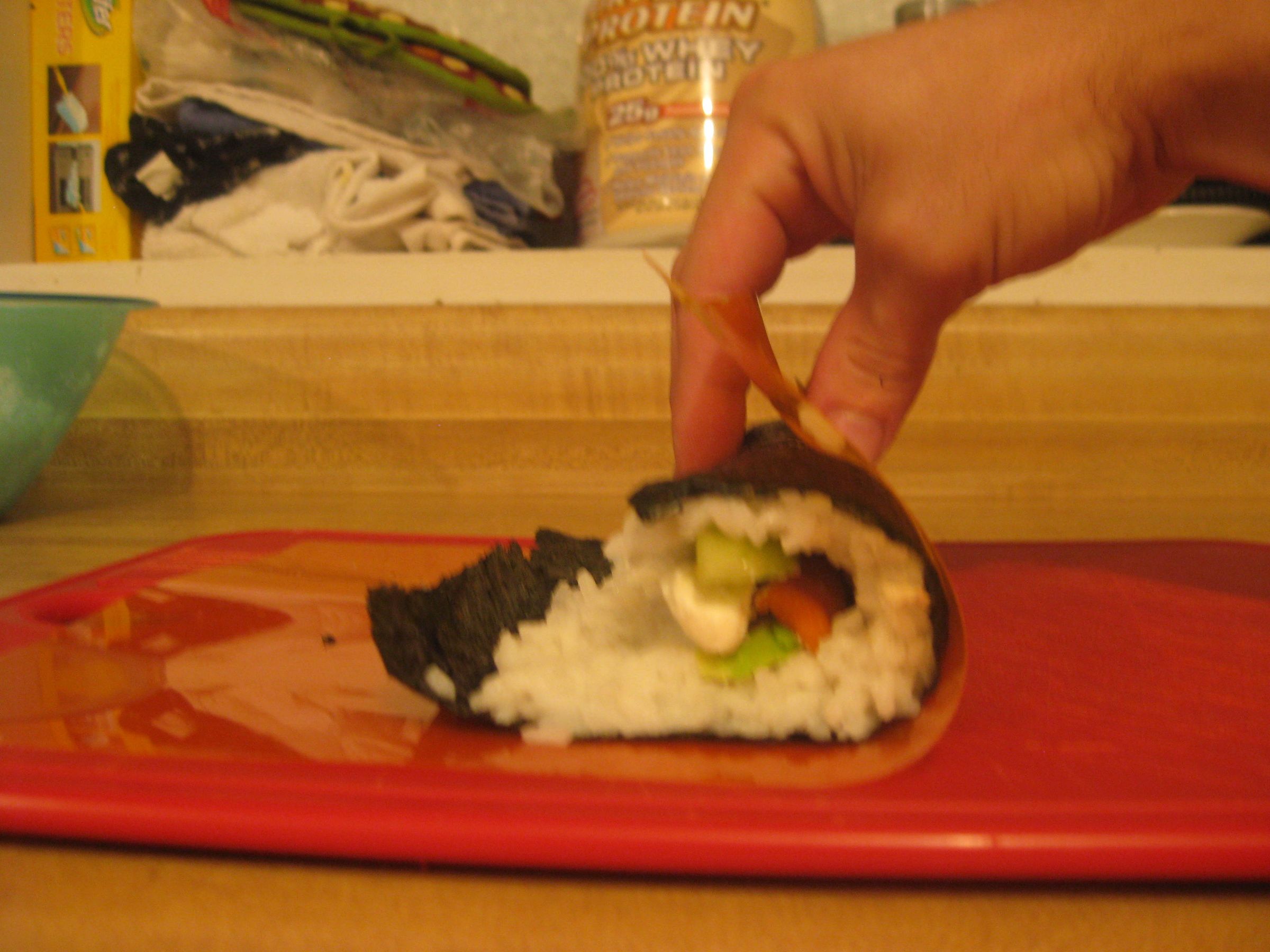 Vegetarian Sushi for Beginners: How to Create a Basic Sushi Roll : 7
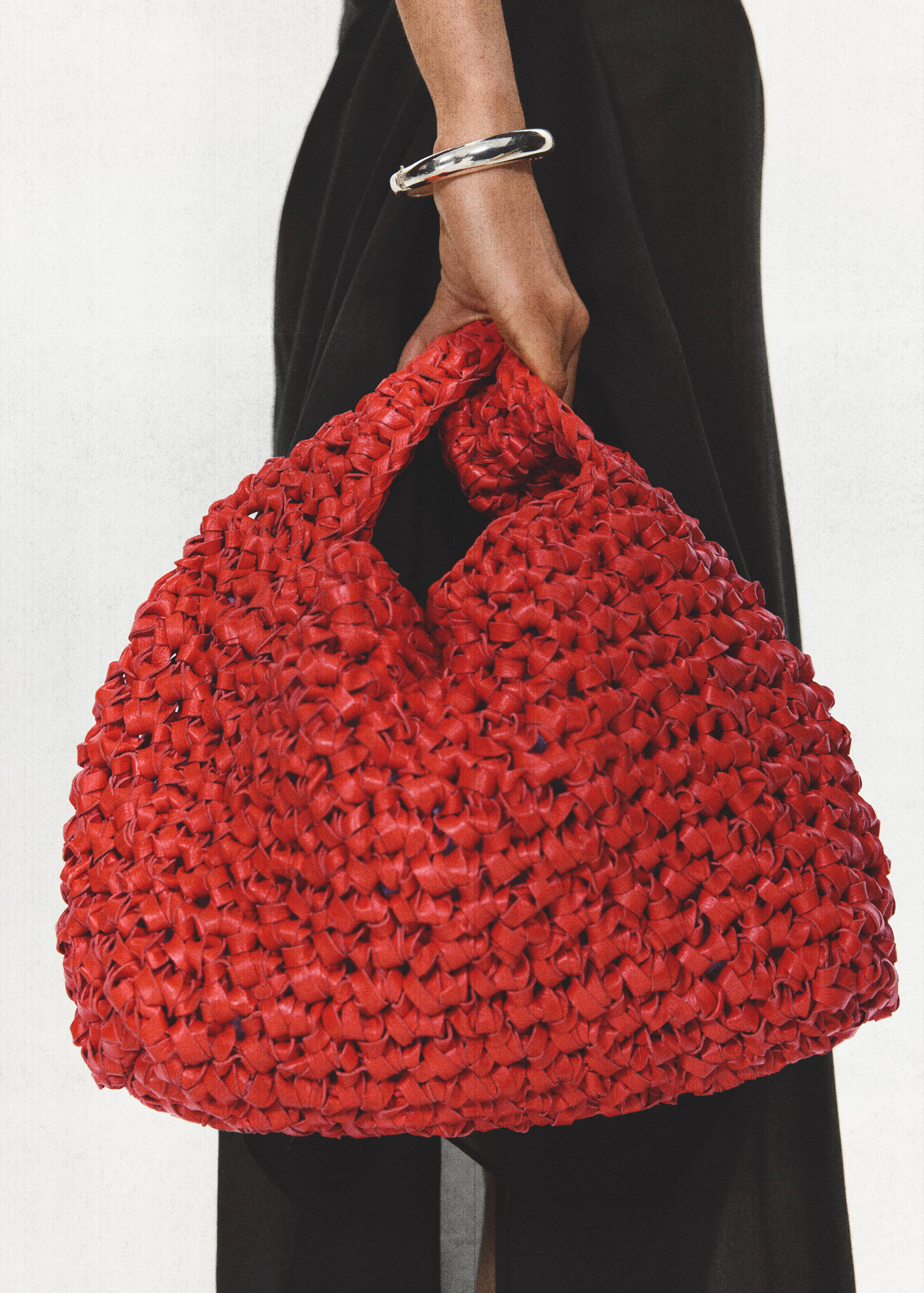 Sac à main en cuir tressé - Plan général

--

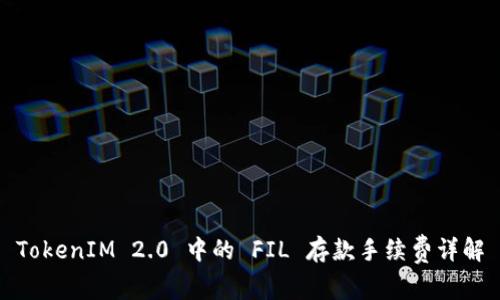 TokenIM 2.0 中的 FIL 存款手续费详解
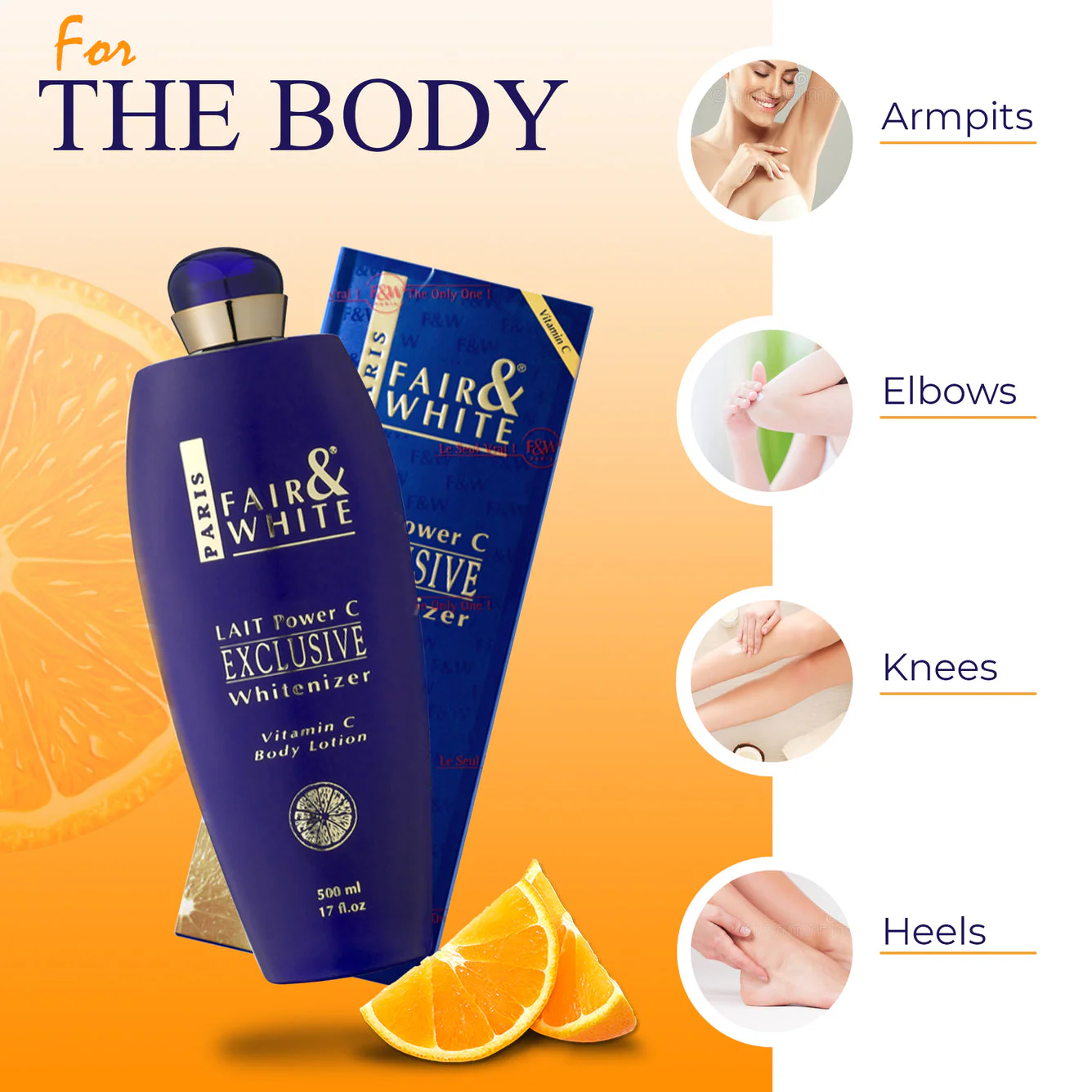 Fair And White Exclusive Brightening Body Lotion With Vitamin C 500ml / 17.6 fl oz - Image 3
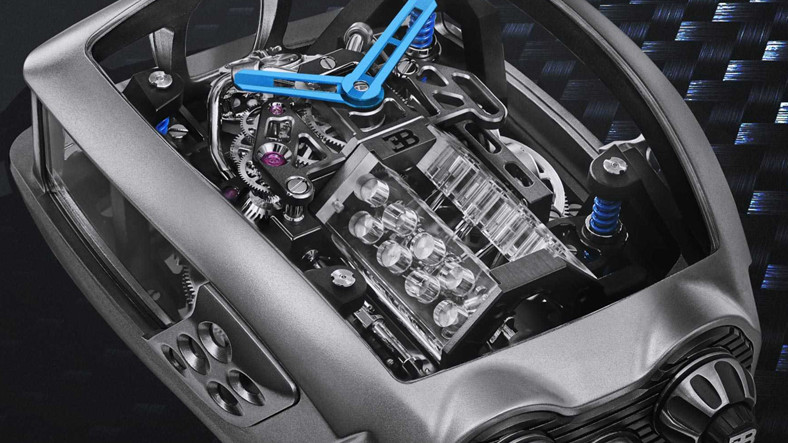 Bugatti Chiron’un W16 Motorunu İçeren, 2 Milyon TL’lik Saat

* EXERCISE DIRECTIONS: Leaving all pictures out, output exactly the lines of the material above from the line with "Vegetarian Sushi for" to the line with "Sac à main en cuir tressé - Plan général", both included.

* WRITTEN SOLUTION:
 Vegetarian Sushi for Beginners: How to Create a Basic Sushi Roll : 7
 Sac à main en cuir tressé - Plan général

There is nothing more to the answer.